There is a yearning in Canada for the glory days of the North American free-trade deal – a time when exports soared, Americans loved our oil, and borders seemed to melt away.
Former federal cabinet minister and diplomat Michael Wilson says the way to get back to that sweet spot is to build a more muscular NAFTA partnership between Canada, the United States and Mexico.
NAFTA 2.0 would have common external tariffs and trade negotiating objectives, an integrated energy industry and more open government purchases. Regulations, standards and border policies would share a common goal of efficiency and effectiveness – everything short of a common currency and governance.
"We must expand the NAFTA brand, much in the same way as there is a European brand," Mr. Wilson argued in a recent speech. "Governments, the private sector and trade organizations must adopt this brand and consciously strengthen it."
It's time to celebrate Buy North America over Buy America, he said. NAFTA could be a powerful counterweight to China. Together, businesses could better compete against rivals, according to Mr. Wilson, one of the architects of the NAFTA deal.
Lofty and noble, as far as plans go.
But it's hard to see the "N.A." brand gaining much traction politically when brand USA can't get its act together. The United States seems incapable of making tough domestic political decisions that are so clearly in the national self-interest. Witness the ongoing budget and sequestration stalemate, which is threatening to trigger a chaotic slashing of government services.
So it seems unlikely that coordinating foreign policy with the likes of Canada and Mexico would be an easy sell in the U.S. Congress, no matter how advantageous to U.S. companies.
Even more modest efforts requiring minimal Congressional action have proven to be a tough slog. The Beyond the Border effort to coordinate and harmonize Canada-U.S. border practices is still more dream than reality.

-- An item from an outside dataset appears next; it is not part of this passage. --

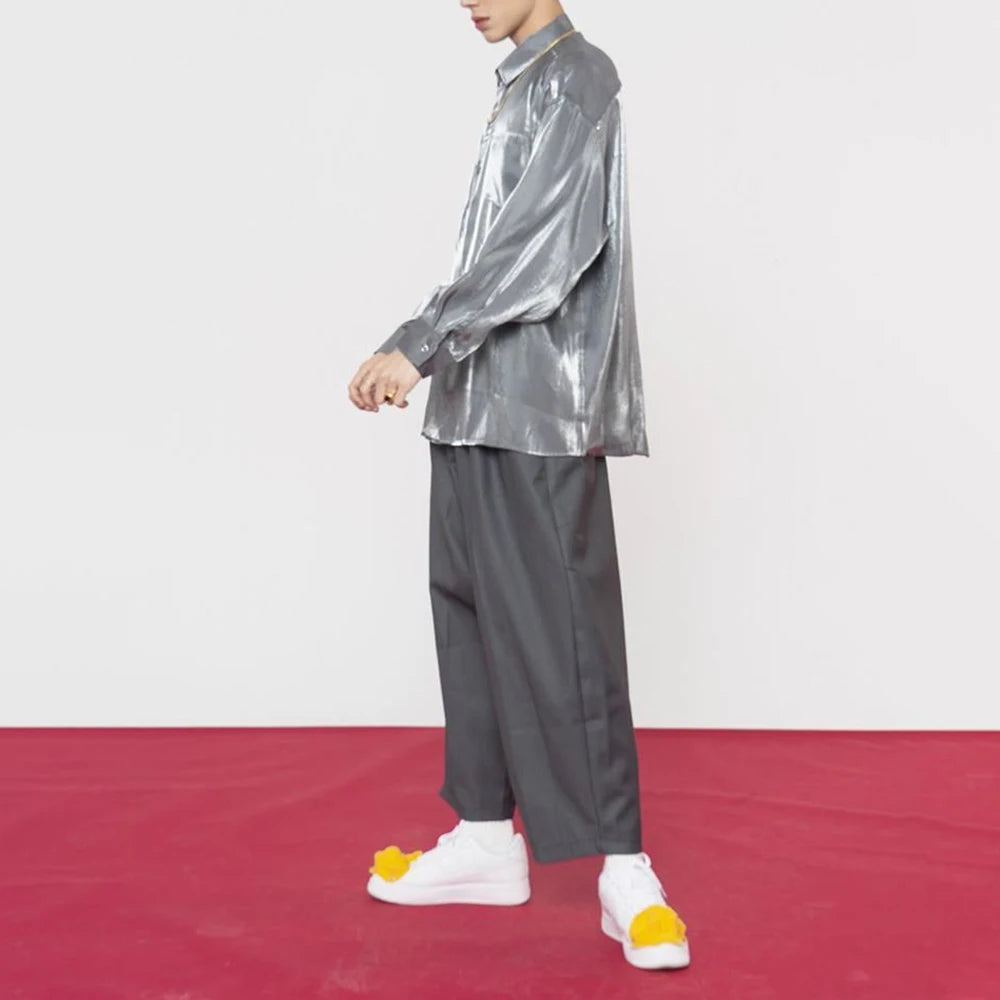 2024 New Men's Shirt Ice Silk Satin Glossy Men's Long-sleeved Abstinence System Pure Color Satin Shirt Ins All-match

Now, some business groups are pushing Ottawa to use the ongoing Trans-Pacific Partnership trade talks as a way to fix NAFTA's flaws, including freeing up access to government contracts. The TPP negotiations involve Canada, the U.S., Mexico and several Asia-Pacific countries.

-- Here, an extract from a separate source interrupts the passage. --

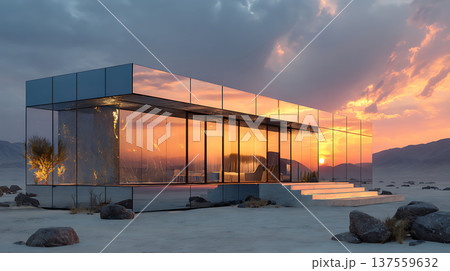 Mirrored glass desert house at sunset reflecting orange sky and sparse rocks with modern interior seating 137559632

That seems like a long shot, given the complex tradeoffs involved in a multi-country trade deal, which is likely a year or more away.
That's not to suggest a stronger NAFTA isn't a good idea.
As Mr. Wilson rightly points out, companies are gradually moving towards North American integration of their supply chains anyway. Every dollar that Canada exports to the U.S. contains 25 cents worth of American content. Chinese products, on the other hand, are less than 4 per cent "Made in America."
A recent trend to "on-shoring" of U.S. manufacturing from China and elsewhere may drive North American content even higher.
Plenty of irritants stand in the way of a well-functioning NAFTA free trade. Buy America restrictions continue to unfairly restrict access of Canadian companies to U.S. contracts, messing up efficient cross-border supply chains.
Cooperation on energy policy is obviously lacking, exemplified by the stalled Keystone XL oil pipeline.
And old trade wounds still hurt. Canada is shipping record volumes of lumber to China when it could be selling much more to its closest trading partner if a negotiated deal didn't limit duty-free access to the U.S. market.
Before embarking on an ambitious new NAFTA project Canada might want to concentrate on bolstering its own brand.
A lot remains to be done to make Canada more competitive. Foreign competition is limited in key sectors, such as telecommunications and broadcasting. Inane barriers to trade within Canada still gum up the dairy and poultry industries, financial regulation and other sectors.
Ottawa and the provinces also need to improve the country's environmental record in the oil sands to avoid being the scapegoat of environmentalists.
And finally, authorities must do a better job of cracking down on overseas corruption by Canadian companies and policing global resource companies that use our financial markets as an ATM.
Nostalgia isn't going to bring back the time – before the terrorist attacks of Sept. 11, 2001 – when a euro-style open border in North America seemed possible.
But Canada can do a lot on its own, by building a brand that's trusted and coveted in foreign markets.